How does this bull market
compare to the past? The Barrons Gold Mining Index (BGMI) had two tiny
cyclical bears and two large cyclical bears. The circles show consolidations
within cyclical bulls which lasted more than three years.
Visually we can understand why
the sector is beginning a new cyclical bull market. Yet let's take a look at
some simple sentiment and valuation data. Below we show info from SentimenTrader which shows the Rydex
Precious Metals Fund. At the recent bottom, the assets were the lowest
they've been since 2008. In fact, going back 10 years, it was the second
lowest point (with 2008 being first). Also note that the precious metals
assets (as a percentage of all Rydex funds) were at a minimum of a six year
low.
Next, we've shown this before
but it's worth showing again. We calculated that the PE ratio of the HUI Gold
Bugs Index at the May low was 12x earnings. This chart from the Erste Group displays the year by
year PE of the HUI. If Gold moves higher then earnings should increase.

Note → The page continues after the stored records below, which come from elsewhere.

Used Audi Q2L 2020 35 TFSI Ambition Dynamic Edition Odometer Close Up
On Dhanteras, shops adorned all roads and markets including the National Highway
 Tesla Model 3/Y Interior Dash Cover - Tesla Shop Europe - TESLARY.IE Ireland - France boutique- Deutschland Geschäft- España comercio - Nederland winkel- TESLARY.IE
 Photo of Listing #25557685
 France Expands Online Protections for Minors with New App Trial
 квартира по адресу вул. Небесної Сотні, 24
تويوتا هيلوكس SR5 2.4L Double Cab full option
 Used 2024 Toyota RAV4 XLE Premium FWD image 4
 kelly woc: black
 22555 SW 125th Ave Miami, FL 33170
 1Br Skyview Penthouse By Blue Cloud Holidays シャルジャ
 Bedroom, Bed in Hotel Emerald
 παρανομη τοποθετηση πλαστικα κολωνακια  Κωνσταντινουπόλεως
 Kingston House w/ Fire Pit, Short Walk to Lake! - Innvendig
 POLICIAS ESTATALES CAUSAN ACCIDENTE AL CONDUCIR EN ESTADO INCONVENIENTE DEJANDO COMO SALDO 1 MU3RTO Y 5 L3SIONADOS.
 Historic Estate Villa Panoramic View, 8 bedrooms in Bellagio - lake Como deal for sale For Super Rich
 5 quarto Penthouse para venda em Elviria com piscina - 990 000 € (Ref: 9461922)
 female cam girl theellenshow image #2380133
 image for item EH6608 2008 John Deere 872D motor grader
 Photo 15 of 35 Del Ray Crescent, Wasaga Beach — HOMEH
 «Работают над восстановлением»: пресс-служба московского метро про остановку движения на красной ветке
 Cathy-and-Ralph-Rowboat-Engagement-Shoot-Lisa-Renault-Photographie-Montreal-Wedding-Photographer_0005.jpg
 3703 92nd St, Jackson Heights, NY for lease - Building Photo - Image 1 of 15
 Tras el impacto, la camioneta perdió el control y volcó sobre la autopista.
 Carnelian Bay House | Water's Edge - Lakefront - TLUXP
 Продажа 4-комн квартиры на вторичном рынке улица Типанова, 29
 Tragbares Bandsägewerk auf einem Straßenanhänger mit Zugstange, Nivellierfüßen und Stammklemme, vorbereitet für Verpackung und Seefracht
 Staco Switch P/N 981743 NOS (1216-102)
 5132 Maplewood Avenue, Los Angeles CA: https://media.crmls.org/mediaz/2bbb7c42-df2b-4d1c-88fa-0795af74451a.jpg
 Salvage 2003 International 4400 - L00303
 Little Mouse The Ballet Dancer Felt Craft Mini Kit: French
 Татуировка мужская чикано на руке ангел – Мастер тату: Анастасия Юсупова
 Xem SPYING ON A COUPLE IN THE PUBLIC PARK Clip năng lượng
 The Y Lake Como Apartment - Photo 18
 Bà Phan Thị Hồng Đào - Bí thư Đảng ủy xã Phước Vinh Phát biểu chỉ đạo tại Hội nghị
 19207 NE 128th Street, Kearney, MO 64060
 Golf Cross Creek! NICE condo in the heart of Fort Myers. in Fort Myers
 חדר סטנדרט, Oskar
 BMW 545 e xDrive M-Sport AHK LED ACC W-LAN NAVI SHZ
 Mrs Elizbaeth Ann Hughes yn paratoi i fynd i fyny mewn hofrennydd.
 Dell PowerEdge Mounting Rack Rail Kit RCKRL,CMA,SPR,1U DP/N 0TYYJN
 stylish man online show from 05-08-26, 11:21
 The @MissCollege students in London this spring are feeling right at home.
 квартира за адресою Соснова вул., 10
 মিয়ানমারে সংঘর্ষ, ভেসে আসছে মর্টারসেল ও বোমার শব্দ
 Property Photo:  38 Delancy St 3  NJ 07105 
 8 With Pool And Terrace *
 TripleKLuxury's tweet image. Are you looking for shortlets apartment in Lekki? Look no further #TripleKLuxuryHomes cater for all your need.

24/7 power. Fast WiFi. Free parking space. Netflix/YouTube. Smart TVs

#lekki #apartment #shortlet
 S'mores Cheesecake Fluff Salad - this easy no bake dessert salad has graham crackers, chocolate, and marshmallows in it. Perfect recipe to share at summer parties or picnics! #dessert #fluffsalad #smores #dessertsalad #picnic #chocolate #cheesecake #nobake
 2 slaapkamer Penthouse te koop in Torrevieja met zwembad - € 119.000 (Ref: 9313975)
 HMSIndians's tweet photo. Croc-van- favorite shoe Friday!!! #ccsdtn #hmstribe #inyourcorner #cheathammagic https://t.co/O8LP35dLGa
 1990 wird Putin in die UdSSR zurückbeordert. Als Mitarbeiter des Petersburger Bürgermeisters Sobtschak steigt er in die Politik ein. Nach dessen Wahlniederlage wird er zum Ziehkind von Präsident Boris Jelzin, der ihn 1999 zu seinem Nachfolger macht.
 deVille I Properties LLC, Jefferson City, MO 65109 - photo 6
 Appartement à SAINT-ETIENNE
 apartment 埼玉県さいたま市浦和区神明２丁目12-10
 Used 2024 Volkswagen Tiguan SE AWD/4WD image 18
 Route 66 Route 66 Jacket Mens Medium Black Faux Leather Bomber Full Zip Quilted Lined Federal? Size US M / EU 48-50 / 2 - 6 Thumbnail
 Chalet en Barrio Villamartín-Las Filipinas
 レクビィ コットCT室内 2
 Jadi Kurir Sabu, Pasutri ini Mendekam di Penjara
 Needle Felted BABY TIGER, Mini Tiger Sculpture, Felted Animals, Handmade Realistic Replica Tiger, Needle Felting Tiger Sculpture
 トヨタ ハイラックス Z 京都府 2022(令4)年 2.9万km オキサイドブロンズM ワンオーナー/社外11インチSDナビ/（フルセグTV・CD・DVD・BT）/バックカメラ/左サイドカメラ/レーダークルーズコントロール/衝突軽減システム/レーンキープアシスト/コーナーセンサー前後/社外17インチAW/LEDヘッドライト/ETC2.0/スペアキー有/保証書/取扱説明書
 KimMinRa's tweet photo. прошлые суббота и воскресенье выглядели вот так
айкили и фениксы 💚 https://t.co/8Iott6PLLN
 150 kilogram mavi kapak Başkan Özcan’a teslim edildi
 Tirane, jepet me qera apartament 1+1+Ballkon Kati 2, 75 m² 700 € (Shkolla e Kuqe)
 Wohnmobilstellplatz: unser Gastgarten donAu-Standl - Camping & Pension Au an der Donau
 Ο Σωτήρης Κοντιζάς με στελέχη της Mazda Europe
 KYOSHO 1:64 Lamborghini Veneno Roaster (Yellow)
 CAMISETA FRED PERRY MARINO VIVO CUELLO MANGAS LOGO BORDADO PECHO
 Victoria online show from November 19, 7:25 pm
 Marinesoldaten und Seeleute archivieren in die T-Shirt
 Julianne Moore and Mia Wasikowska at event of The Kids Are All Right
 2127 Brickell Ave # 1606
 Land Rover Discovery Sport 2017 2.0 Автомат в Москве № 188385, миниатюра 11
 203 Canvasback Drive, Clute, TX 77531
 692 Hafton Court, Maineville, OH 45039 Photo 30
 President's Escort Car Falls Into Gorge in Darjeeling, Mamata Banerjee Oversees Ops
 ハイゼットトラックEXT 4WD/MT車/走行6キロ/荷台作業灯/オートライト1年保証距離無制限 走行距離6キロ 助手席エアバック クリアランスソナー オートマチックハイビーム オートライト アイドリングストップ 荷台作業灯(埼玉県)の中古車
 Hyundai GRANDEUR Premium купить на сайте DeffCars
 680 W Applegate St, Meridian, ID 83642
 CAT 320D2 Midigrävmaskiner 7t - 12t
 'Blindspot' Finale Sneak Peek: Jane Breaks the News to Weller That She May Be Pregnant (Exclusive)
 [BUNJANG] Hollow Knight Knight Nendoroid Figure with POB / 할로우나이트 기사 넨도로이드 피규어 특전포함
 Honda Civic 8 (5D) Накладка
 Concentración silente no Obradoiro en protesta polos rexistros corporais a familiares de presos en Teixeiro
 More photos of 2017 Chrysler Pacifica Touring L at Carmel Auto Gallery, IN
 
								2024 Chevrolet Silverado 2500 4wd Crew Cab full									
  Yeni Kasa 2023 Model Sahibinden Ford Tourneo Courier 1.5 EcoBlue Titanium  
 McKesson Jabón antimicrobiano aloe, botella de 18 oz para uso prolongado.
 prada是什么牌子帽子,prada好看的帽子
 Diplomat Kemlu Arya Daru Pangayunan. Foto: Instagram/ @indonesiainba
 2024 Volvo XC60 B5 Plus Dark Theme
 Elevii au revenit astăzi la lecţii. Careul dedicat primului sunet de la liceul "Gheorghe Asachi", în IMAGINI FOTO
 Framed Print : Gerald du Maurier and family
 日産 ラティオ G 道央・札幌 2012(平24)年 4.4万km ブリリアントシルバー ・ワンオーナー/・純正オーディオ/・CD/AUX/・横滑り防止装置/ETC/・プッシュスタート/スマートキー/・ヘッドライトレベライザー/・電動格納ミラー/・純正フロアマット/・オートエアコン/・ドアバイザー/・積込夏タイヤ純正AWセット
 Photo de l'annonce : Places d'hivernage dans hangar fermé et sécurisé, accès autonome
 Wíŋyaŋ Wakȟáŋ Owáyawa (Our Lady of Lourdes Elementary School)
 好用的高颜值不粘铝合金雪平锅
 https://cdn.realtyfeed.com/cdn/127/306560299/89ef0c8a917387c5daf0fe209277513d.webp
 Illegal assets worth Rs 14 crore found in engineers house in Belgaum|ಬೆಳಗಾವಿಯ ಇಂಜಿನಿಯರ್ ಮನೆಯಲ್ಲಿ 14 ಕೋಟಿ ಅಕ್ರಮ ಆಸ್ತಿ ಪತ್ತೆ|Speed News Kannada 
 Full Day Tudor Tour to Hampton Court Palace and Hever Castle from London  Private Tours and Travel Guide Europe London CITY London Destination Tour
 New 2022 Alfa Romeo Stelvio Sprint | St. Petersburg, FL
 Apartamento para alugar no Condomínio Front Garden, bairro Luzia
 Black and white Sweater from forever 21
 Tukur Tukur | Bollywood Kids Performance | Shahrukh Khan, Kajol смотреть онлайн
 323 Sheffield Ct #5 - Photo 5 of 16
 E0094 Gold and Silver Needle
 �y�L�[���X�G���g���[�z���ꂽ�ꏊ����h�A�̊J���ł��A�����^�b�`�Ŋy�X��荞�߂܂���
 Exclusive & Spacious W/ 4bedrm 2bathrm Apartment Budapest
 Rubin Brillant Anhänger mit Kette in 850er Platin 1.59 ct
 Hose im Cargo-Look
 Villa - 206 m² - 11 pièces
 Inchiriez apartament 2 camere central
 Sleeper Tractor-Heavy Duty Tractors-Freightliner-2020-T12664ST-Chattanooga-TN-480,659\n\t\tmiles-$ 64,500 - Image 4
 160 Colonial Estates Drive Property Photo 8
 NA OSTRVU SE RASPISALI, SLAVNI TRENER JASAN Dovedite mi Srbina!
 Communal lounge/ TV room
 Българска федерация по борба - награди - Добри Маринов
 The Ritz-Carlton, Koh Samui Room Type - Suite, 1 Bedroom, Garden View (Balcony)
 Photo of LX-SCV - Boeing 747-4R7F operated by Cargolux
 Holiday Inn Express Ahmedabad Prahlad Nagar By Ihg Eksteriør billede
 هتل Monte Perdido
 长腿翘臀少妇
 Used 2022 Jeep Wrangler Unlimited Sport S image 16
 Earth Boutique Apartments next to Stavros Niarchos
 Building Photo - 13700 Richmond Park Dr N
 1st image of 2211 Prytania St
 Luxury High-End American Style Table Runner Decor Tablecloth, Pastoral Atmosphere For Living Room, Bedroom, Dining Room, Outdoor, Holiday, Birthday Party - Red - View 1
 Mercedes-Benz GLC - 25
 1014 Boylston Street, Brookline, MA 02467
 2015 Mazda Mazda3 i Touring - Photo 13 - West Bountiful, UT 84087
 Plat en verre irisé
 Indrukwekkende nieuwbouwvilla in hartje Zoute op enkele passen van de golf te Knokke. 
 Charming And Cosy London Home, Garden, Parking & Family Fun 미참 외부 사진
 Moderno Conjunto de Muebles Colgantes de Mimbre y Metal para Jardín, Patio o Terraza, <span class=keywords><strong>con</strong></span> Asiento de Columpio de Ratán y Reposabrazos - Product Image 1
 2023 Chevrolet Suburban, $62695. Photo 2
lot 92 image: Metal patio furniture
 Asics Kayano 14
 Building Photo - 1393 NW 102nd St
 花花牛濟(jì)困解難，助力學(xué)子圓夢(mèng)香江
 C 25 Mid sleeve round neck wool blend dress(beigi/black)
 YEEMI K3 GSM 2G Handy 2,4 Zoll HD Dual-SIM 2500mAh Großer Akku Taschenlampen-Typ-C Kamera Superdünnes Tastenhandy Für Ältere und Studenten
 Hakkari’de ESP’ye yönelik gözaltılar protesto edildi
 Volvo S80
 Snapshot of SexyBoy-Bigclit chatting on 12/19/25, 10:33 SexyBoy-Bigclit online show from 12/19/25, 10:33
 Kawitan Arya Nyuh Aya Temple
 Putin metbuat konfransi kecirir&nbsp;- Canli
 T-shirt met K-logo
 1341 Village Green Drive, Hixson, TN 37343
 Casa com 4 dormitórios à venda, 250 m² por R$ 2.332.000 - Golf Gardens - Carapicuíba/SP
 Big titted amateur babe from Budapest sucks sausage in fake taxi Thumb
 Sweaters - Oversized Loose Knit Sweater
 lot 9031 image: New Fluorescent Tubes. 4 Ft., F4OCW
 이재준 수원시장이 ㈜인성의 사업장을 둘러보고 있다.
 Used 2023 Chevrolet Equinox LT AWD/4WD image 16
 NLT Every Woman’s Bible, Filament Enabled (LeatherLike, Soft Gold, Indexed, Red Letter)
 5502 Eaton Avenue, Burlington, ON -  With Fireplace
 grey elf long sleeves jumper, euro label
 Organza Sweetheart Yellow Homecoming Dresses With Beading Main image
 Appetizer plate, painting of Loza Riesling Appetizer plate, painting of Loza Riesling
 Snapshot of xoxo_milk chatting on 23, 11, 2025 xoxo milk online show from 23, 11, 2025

Combine that with rising valuations and that explains the potential for
substantial gains.
The confirmation of the bottom
is obvious. Now what? Well, the question is if the sector will continue to
zoom higher similar to 2005 and 2009 or if it will consolidate for months
(similar to 1972 and 1977) before making a parabolic advance in less than two
years. In any event, that is just semantics and for the hyper traders out
there. In either scenario we are early in a new cyclical bull and there is
tremendous opportunity to be had.
Good Luck!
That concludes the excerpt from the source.